Mental Yoga for Writers

I've spent the last couple days rewriting rewrites. Last week I wrote a new first chapter, but the final scene was incredibly weak and I ended up cutting it. But I couldn't end the chapter on the previous scene because I hadn't introduced enough of the themes, arcs, tension, what-have-you, and there was no way I could without adding a new scene. So now the chapter ends on a note of "something's wrong here" rather than "I have to take a shower", which … yeah. You see why I had to write a new scene.

The very first draft of this novel started with my hero lying in bed, staring at the ceiling. My villain was a beat cop who was randomly pulled out of crowd control to assist on a case. There was a third narrator, who managed to talk for a whole third of the book without contributing to the story at all.

My next bit of rewriting is to fix Chapter 3, which was Chapter 1 before Chapter 1 got more interesting. There are five, maybe six, things that I want to get into the chapter, and I'm currently playing with their order to find the maximum awesome. Specifically, when do I want the doom-y email to show up? At the very beginning to set the panicking off immediately? In the middle, as one more straw on the camel? At the end, as a cliffhanger? I've already dropped two of the my favourite, long-standing scenes because they don't work anymore.

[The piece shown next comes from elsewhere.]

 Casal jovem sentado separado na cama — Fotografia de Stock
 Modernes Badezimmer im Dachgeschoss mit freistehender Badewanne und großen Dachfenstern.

I think a lot of beginner writers, or at least I get this impression from other peoples' blog posts and a smattering of personal experience, get caught up with their original ideas for stories and can't see their options, even when they're pointed out. I'm guilty of this. I insisted for three drafts that I couldn't start with a fight scene because the fight scene wasn't part of the story, when actually, the fight scene is definitely part of the story and I was being stupid not to include it.

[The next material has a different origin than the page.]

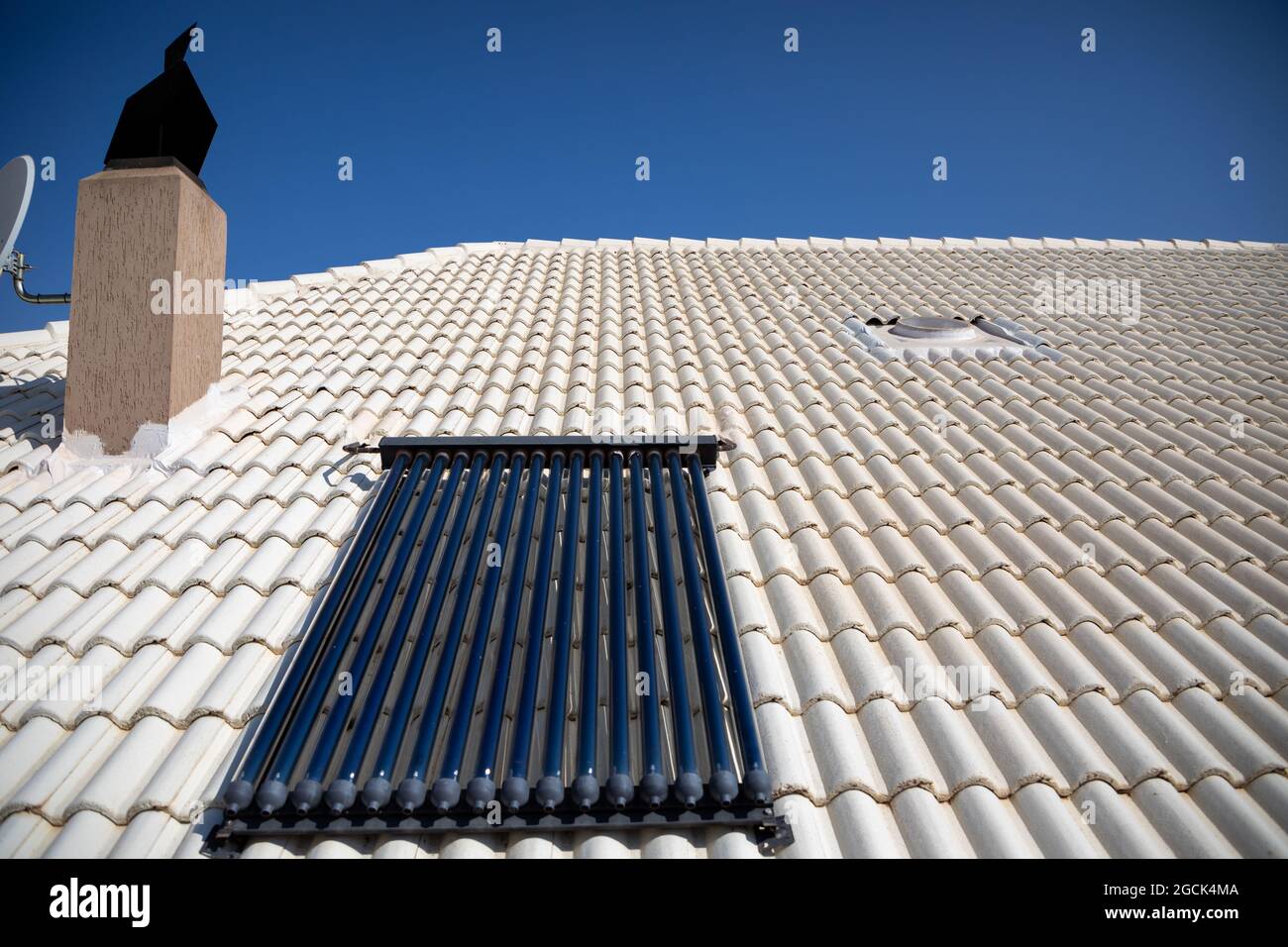 Das geflieste Dach ist weiß gestrichen, um die Hitze der Sonne abzulenken. Solar evakuierte Rohre, um Wasser ohne Energieverbrauch zu erhitzen. Stockfoto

The initial vision of the story is sacred and immutable, you see, and writers can be possessive and defensive when you attack it, but I don't think that's the whole reason for why people refuse to change their stories for the better. I think a lot of people just can't see how a tweak or a twist or a deletion could improve the story. They don't have practice being flexible.

Flexibility: the ability to change tack quickly; the ability to consider multiple perspectives and options; the ability to brainstorm; the ability to say, "I'll try it"; an important skill in a writer's toolbag of tricks. An important skill in anyone's bag, actually. Rigidity gets us nowhere in the end.

It can be hard to learn flexibility, true, and the lessons usually come through errors. I got most of my lessons early, from my parents' gentle "What if you did this?" corrections and from extracurricular drama-type programs. When you're given an ice cream scoop and asked, "What else is this?" or when your set breaks five minutes before a performance or when a cast member quits, you learn to improvise pretty fast. I'd imagine the experiences of raising or teaching children are good for flexibility too, as are … well, most jobs, actually. It boils down to practice.

When you're stuck on a scene or you're getting feedback that something's not working, step back and ask yourself three questions. "Why isn't it working?" "Why can't I change this?" "What if this happened instead?" And then follow those trains of thought where they lead. Write them down if you have to. Brainstorm. Do a mindmap. Weigh your options. Your story will be better for it (and if you, then you will. Practice and all that, right?)

2 comments:

Reece said...

Great post! This is one of the hardest parts of writing, I think. The guys at WritingExcuses did a whole episode of their podcast on this concept (they call it 'killing your darlings') and it really helped me see what I was doing wrong in my writing.

Anassa said...

Thanks, Reece! I think it's one of the hardest things too, right up there with dealing with criticism well. I'll have to check out that podcast. It sounds interesting.